EXERCISE DIRECTIONS: Below, find the line containing "Krem Bisiklet Yaka Düz T-Shirt fiyatları" and the line containing "Runde weisse Badewanne"; reproduce exactly those two and every line between them, omitting pictures.
DATA SUPPLIED section start
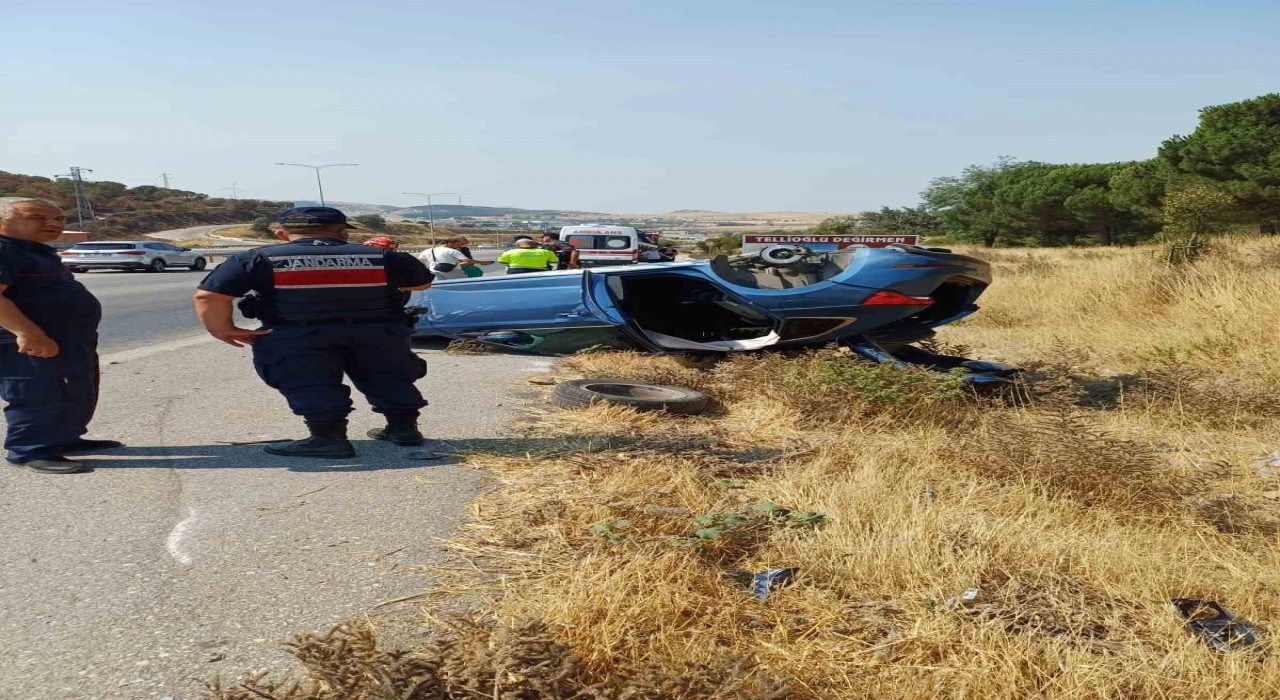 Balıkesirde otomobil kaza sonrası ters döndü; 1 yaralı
DATA SUPPLIED section end
DATA SUPPLIED section start
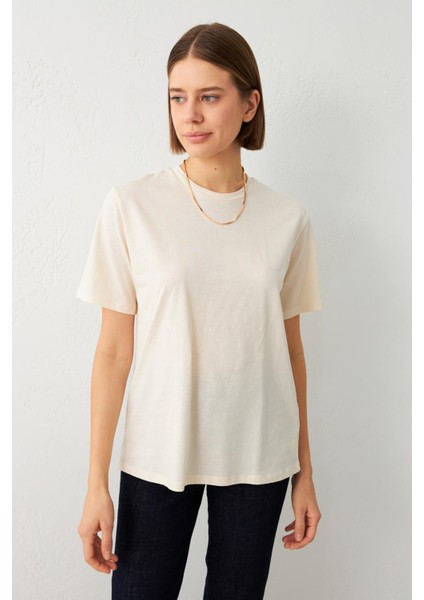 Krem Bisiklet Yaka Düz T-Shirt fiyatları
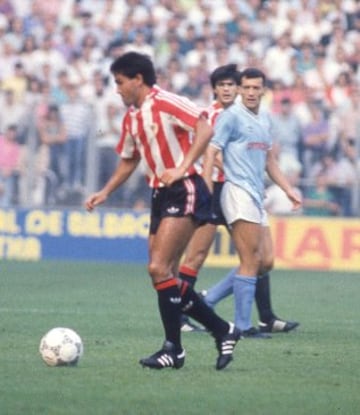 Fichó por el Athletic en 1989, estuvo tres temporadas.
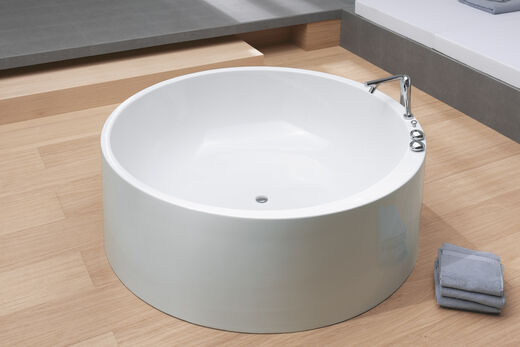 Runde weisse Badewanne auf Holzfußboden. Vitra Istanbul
DATA SUPPLIED section end
OUTPUT BELOW:
 Krem Bisiklet Yaka Düz T-Shirt fiyatları
 Fichó por el Athletic en 1989, estuvo tres temporadas.
 Runde weisse Badewanne auf Holzfußboden. Vitra Istanbul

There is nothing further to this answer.